(EXERCISE PROMPT):
Look below for the line with "Exterior patio roller shade in Laguna Beach." and the line with "kitchen featuring an". Copy exactly those two lines and every line between, but not the pictures.
━━━ EXTRACTED RECORDS ━━━
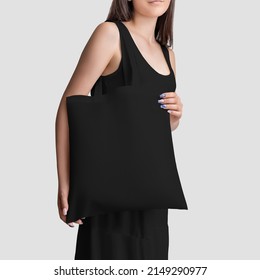 A Template Of A Black Totebag With A Handle, On The Shoulder Of A Girl In A Summer Sundress, A Reusable Ecobag For Retail, Shopping.Ecological Handbag Mockup For Design,pattern, Isolated On Background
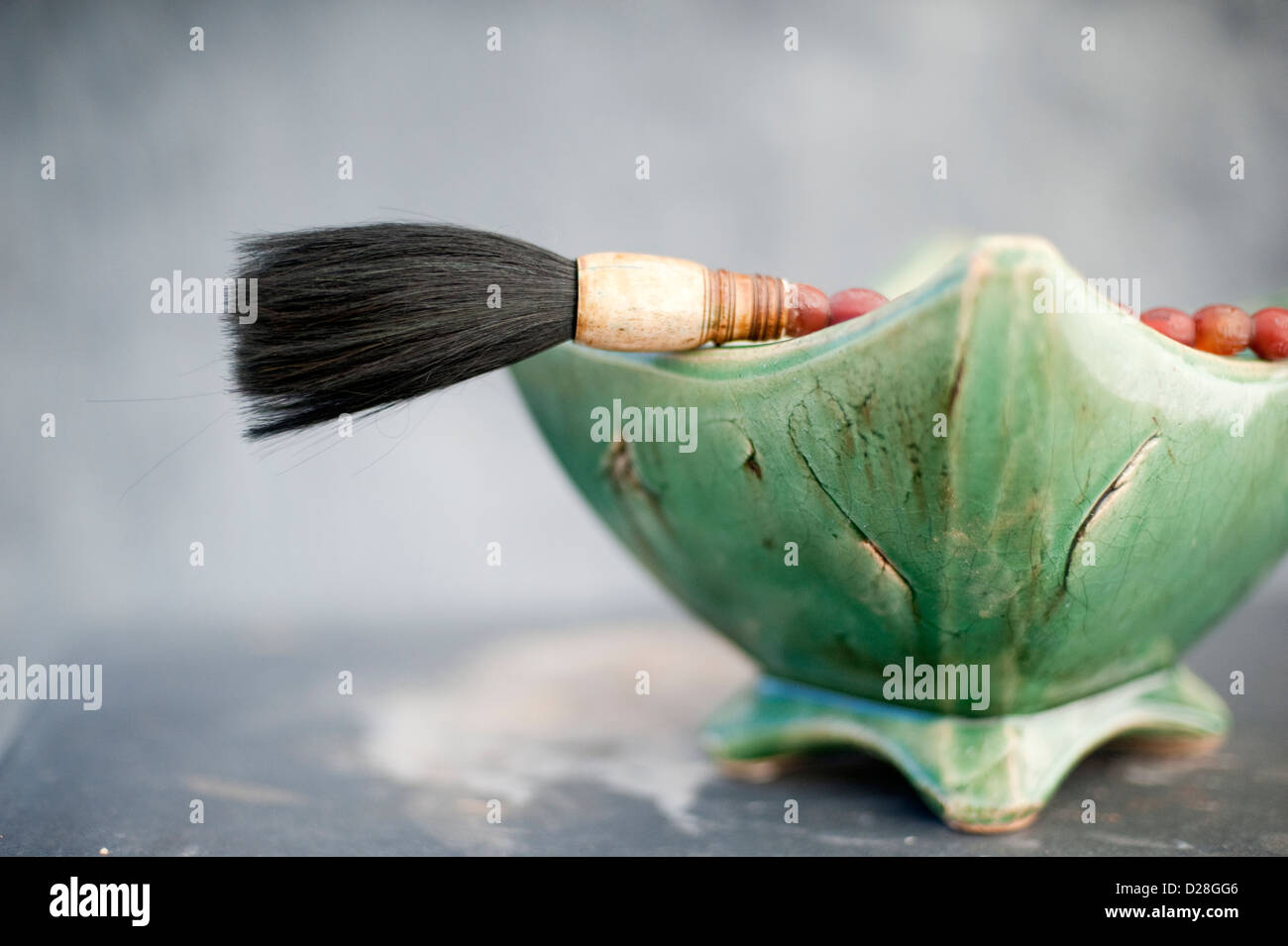 Still life of a traditional Chinese calligraphy brush propped on a bowl of stones. Stock Photo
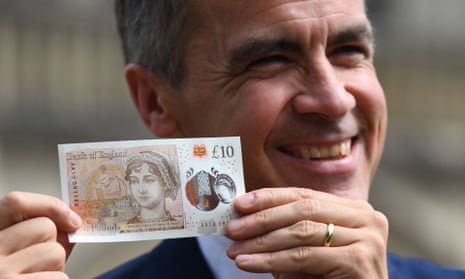 Bank of England Governor Mark Carney poses with one of the central bank’s new ten pound notes, featuring author Jane Austen
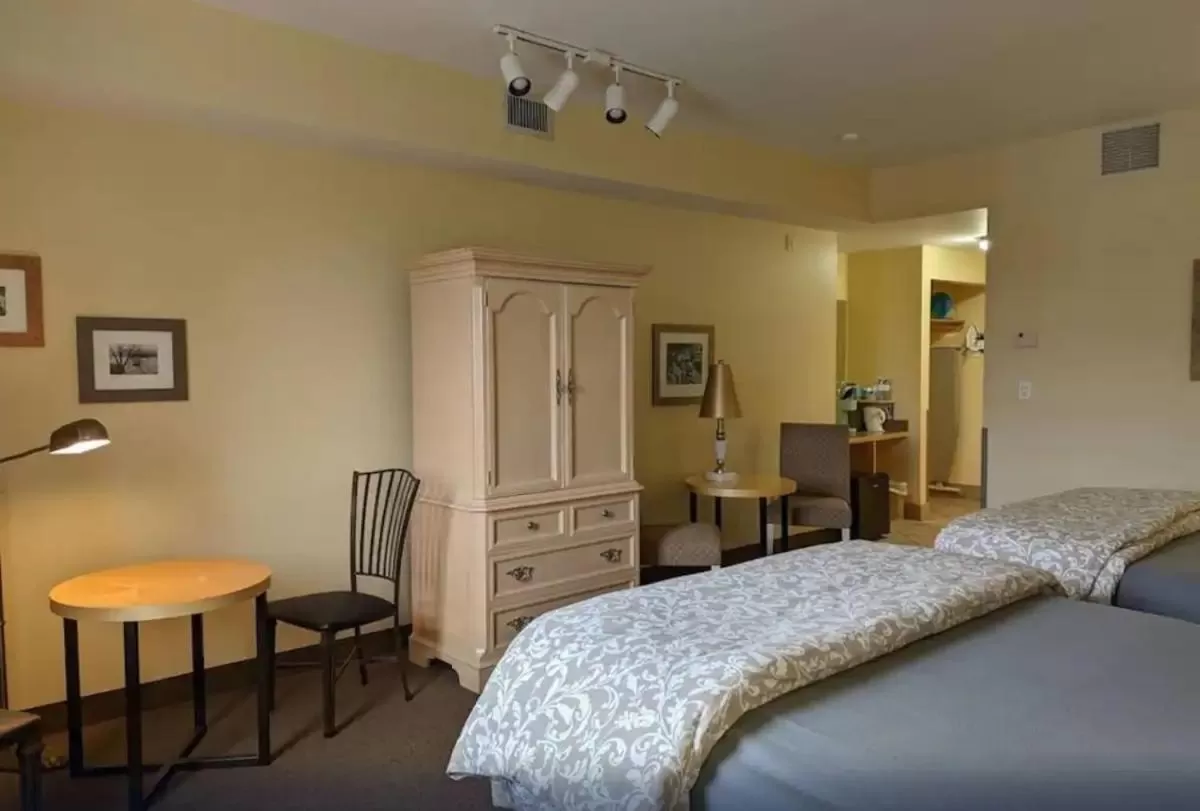 Bed in Rockwell Suites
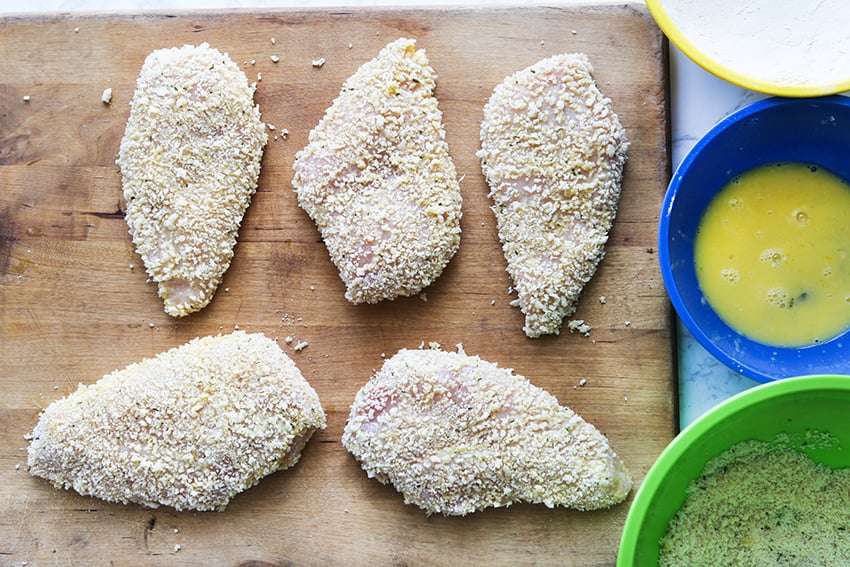 chicken breasts on a cutting board coated with breadcrumbs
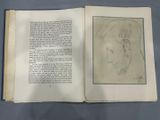 an open book with a drawing of a man ' s face on it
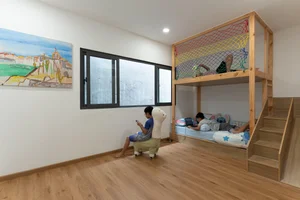 Modern 5x16m Bauhaus House in Hoc Mon with Bold Orange Accents - image 9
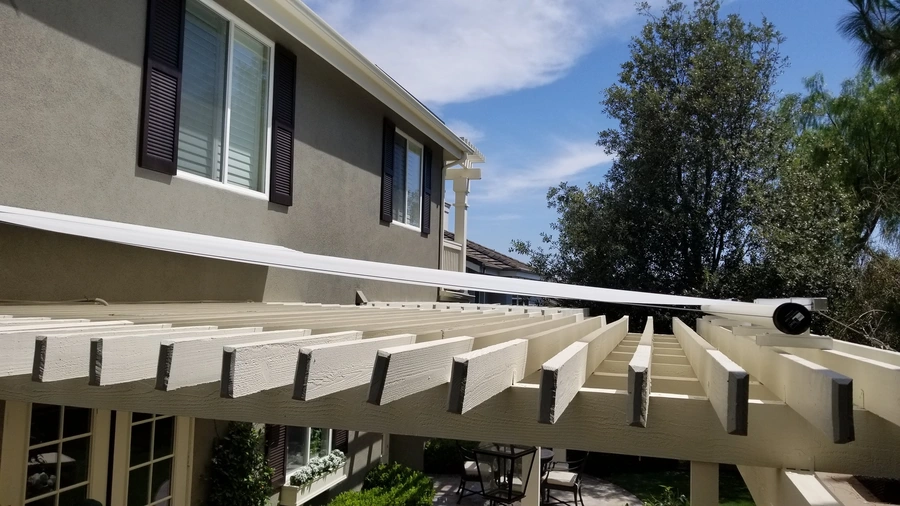 Exterior patio roller shade in Laguna Beach.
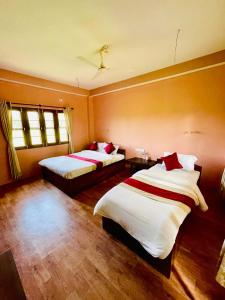 a hotel room with two beds and two windows at Hotel Tree Tops in Sauraha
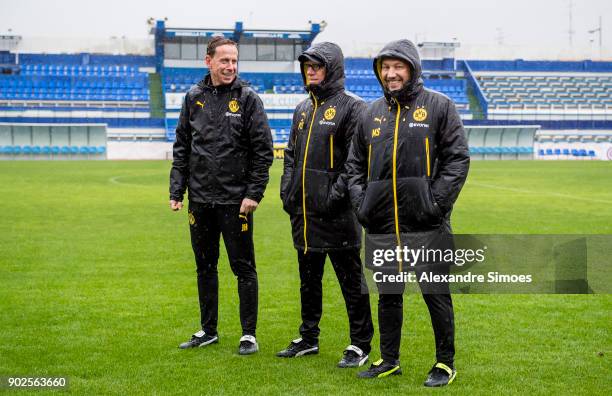 Peter Stoeger, head coach of Borussia Dortmund, and his assistant coaches Joerg Heinrich and Manfred Schmid during a rainy training session as part...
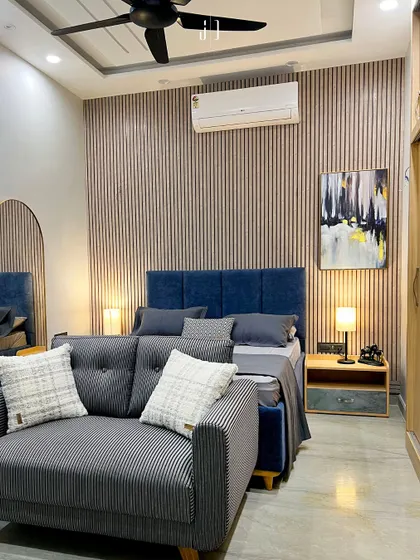 A modern bedroom design featuring a fluted wooden panel behind a deep blue upholstered bed. The combination of textures and colors creates a contemporary yet cozy ambiance.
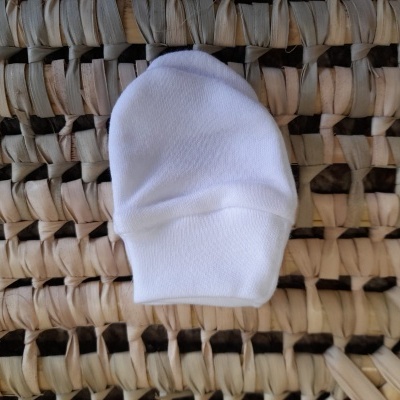 Meia branca para bebé sobre fundo de palha trançada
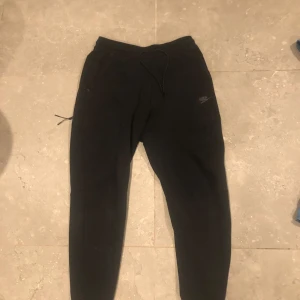 Nike tech byxor - Säljer ett par svarta mjukisbyxor från Nike. Byxorna har en bekväm passform med snörning i midjan och är perfekta för en avslappnad stil. De är tillverkade i mjukt material och har en liten Nike-logga på benet.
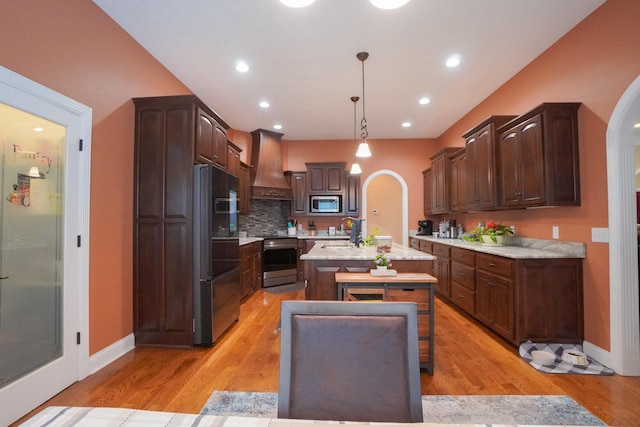 kitchen featuring an island with sink, arched walkways, stainless steel appliances, custom range hood, and a sink
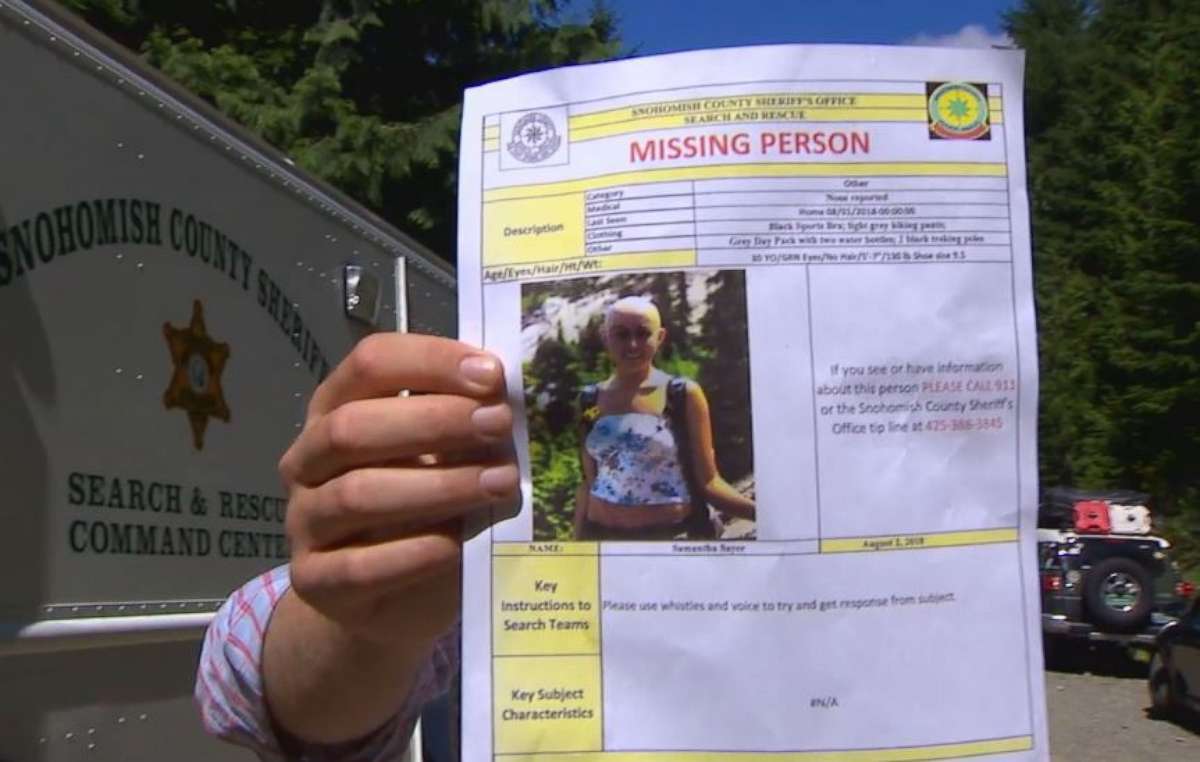 Snohomish County authorities hold a missing person poster for Sam Sayers, 28, who never returned from a hike on Vesper Peak in Washington on Wednesday, Aug. 1, 2018.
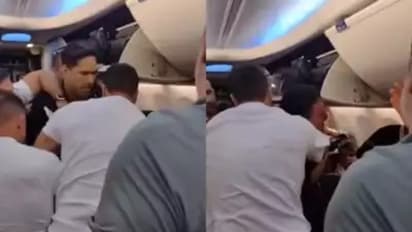 Mid-air horror as flyer wields plastic knife, tries to take crew member hostage & open emergency door (WATCH)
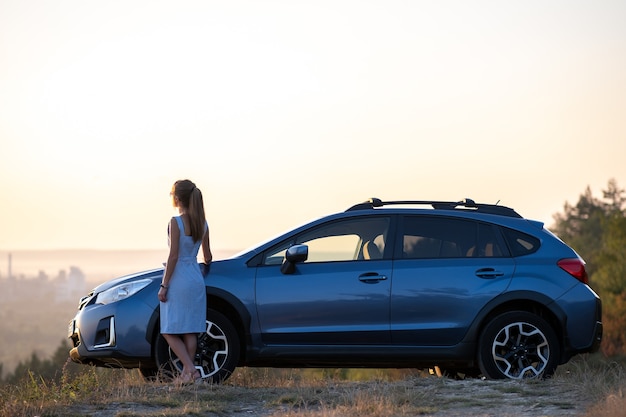 Conductor de mujer joven feliz en vestido azul disfrutando de una cálida noche de verano de pie junto a su coche. Concepto de viaje y vacaciones.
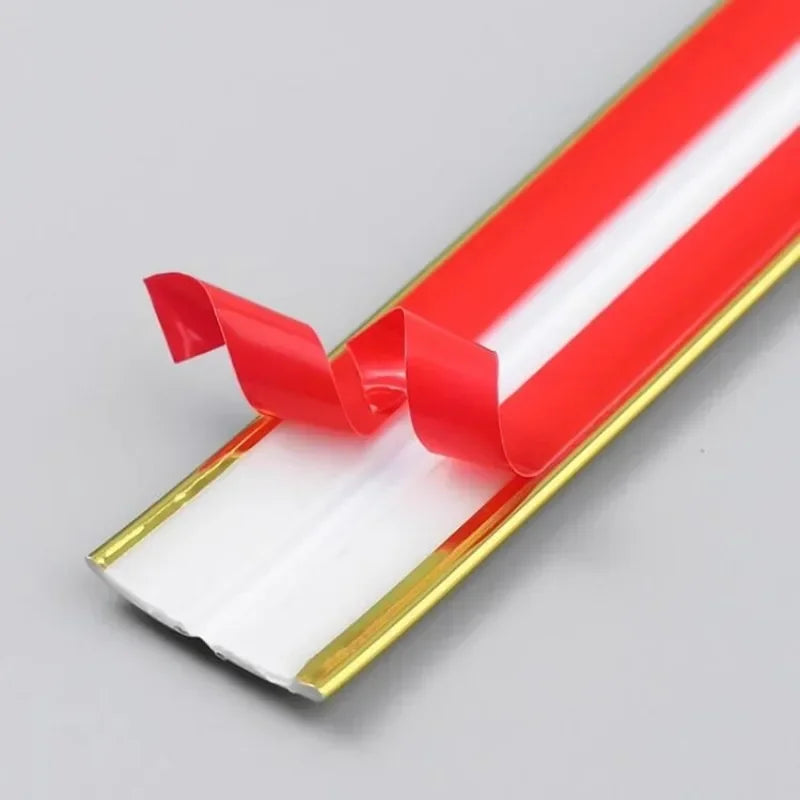 Red and white self-adhesive PVC edge guard strip used for protecting cabinet, table, or corner edges.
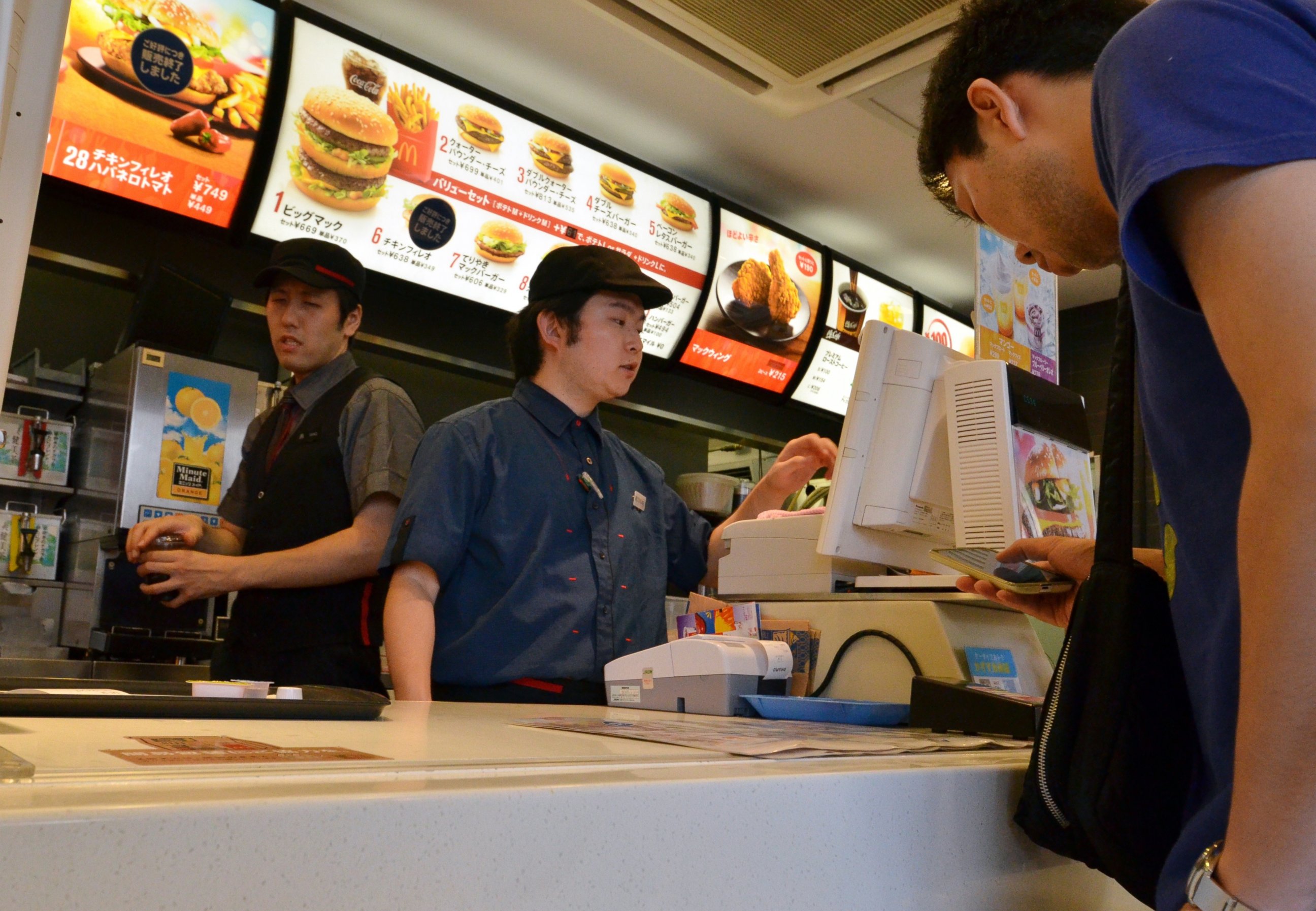 PHOTO: A customer orders food at a McDonald's restaurant in Tokyo, July 25, 2014. 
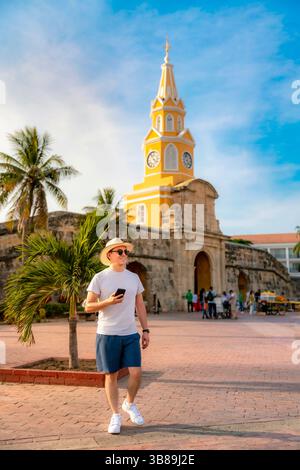Glücklicher junger Lateinreisender in weißem T-Shirt und blauen Shorts, der einen sonnigen Spaziergang am berühmten Uhrenturm in Cartagena, Kolumbien, genießt. Stockfoto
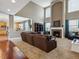 Spacious living room features a fireplace, plush carpet, and lots of natural light at 3309 Springbriar Dr, Castle Rock, CO 80109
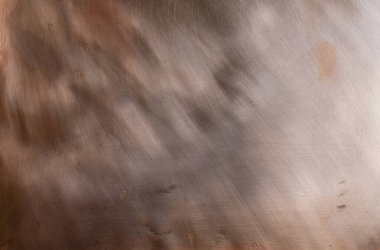 Bakır doku arka planı. Metal plaka. Sağ ışıklandırma.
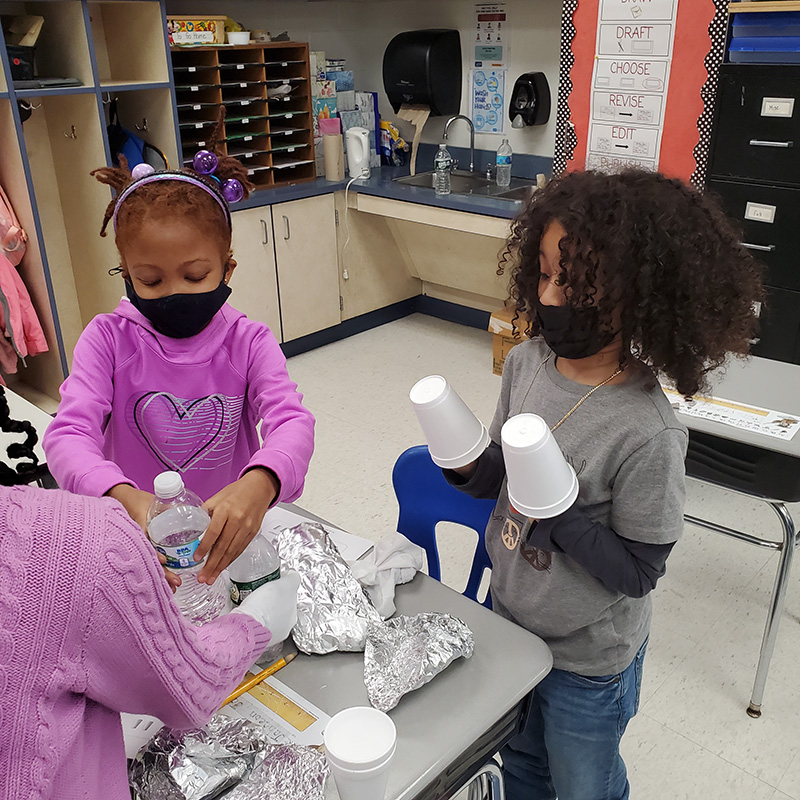 Three second-grade students stand around a desk. One student with shoulder-length dark hair has a styrofoam cup on each hand. Another student in a purple shirt with hairpulled back and wearing a black mask holds a bottle of water.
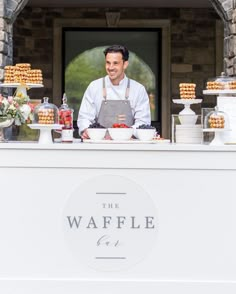 a man standing behind a counter filled with food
━━━
(TASK RESULT):
 Exterior patio roller shade in Laguna Beach.
 a hotel room with two beds and two windows at Hotel Tree Tops in Sauraha
 Peter Stoeger, head coach of Borussia Dortmund, and his assistant coaches Joerg Heinrich and Manfred Schmid during a rainy training session as part...
 A modern bedroom design featuring a fluted wooden panel behind a deep blue upholstered bed. The combination of textures and colors creates a contemporary yet cozy ambiance.
 Meia branca para bebé sobre fundo de palha trançada
 Nike tech byxor - Säljer ett par svarta mjukisbyxor från Nike. Byxorna har en bekväm passform med snörning i midjan och är perfekta för en avslappnad stil. De är tillverkade i mjukt material och har en liten Nike-logga på benet.
 kitchen featuring an island with sink, arched walkways, stainless steel appliances, custom range hood, and a sink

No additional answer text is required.